“Their [kulak] opposition took the initial form of slaughtering their cattle and horses in preference to having them collectivized. The result was a grievous blow to Soviet agriculture, for most of the cattle and horses were owned by the kulaks. Between 1928 and 1933 the number of horses in the USSR declined from almost 30,000,000 to less than 15,000,000; of horned cattle from 70,000,000 (including 31,000,0000 cows) to 38,000,000 (including 20,000,000 cows); of sheep and goats from 147,000,000 to 50,000,000; and of hogs from 20,000,000 to 12,000,000. Soviet rural economy had not recovered from this staggering loss by 1941.

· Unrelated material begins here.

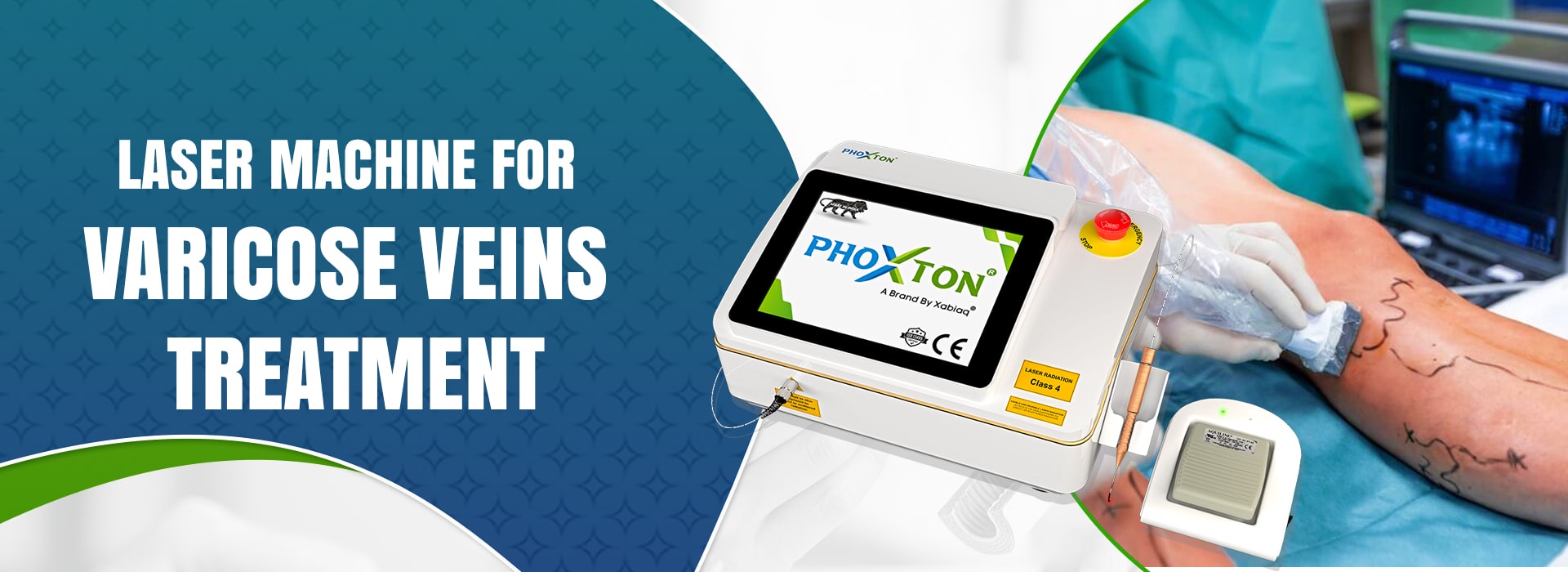 Laser Machine for Varicose Veins Treatment in Ahmedabad Laser Machine for Varicose Veins Treatment in Ahmedabad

[…] Some [kulaks] murdered officials, set the torch to the property of the collectives, and even burned their own crops and seed grain. More refused to sow or reap, perhaps on the assumption that the authorities would make concessions and would in any case feed them.
The aftermath was the ‘Ukraine famine’ of 1932—33 [….] Lurid accounts, mostly fictional, appeared in the Nazi press in Germany and in the Hearst press in the United States, often illustrated with photographs that turned out to have been taken along the Volga in 1921 [….] The ‘famine’ was not, in its later stages, a result of food shortage, despite the sharp reduction of seed grain and harvests flowing from special requisitions in the spring of 1932 which were apparently occasioned by fear of war in Japan. Most of the victims were kulaks who had refused to sow their fields or had destroyed their crops.”
– Frederick Schuman, quoted in Douglas Tottle, “Fraud, Famine, and Fascism: the Ukrainian Genocide Myth from Hitler to Harvard,” page 93-94.